MDST (Michigan Data Science Team) is the leading practical data science and machine learning club at the University of Michigan, with over a hundred UM students working together on a range of projects each semester. We are dedicated to educating about the applications of data science and ML, while providing opportunities for members’ professional, academic, and career development. This means we work on projects, hold workshops, host corporate tech talks, and also have a couple of social events throughout the semester.
At this summit we aim to spread awareness of our club throughout the UM data science and AI community. Specifically we hope to share details of the interesting projects we work on, and the range of opportunities we offer to UM students and corporate partners alike.

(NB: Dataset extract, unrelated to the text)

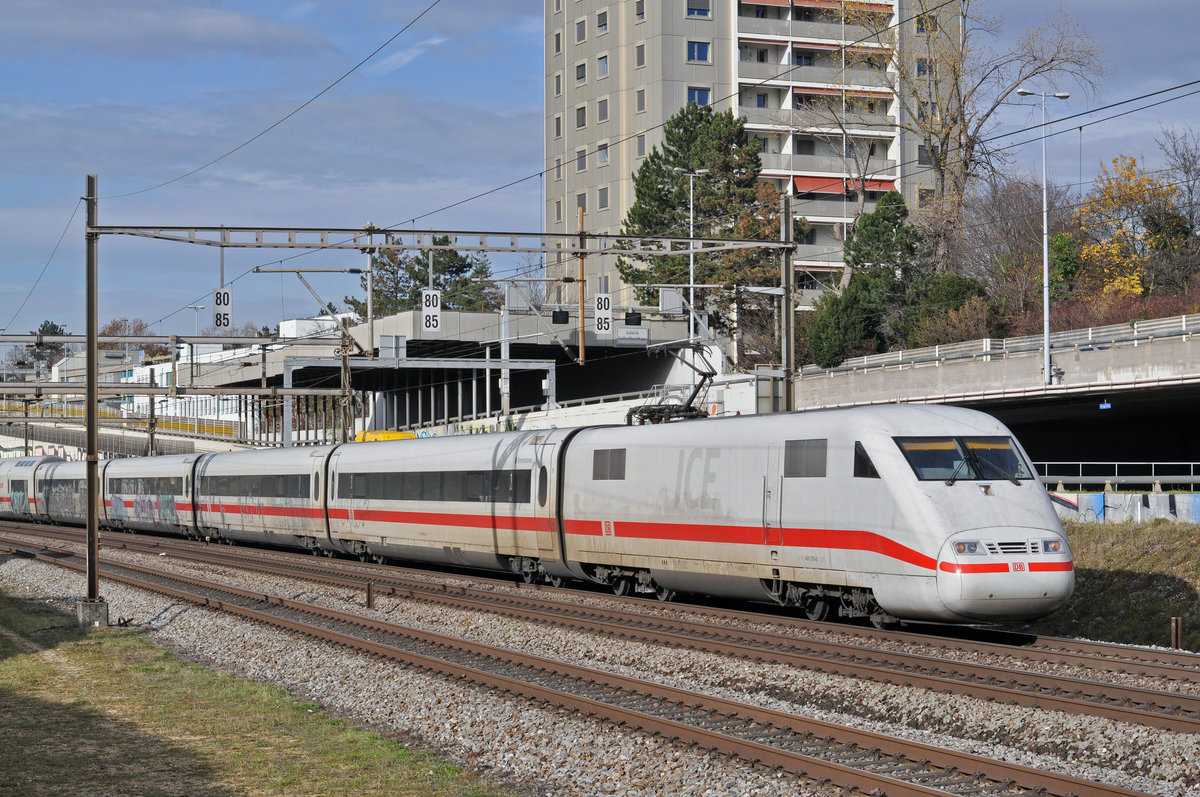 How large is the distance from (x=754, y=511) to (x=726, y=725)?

Michigan Eco Data exists to foster a community of individuals at the University of Michigan who solve environmental and biological problems with the innovative use of technology and data analysis. The organization hosts environmental-tech talks, facilitates group ecological projects, provides support to individual student’s projects, hosts group environmental trips, and plans social gatherings. Our end goal is to build and form supported network of talented students with interests in the intersection and utilization of environmentalism and data driven discovery.
Innovation Partnerships experts champion the creation of corporate research alliances and collaborations to accelerate the development of promising research. We enable the translation, commercial development and licensing of groundbreaking research discoveries and technologies. We help create new ventures to usher in change.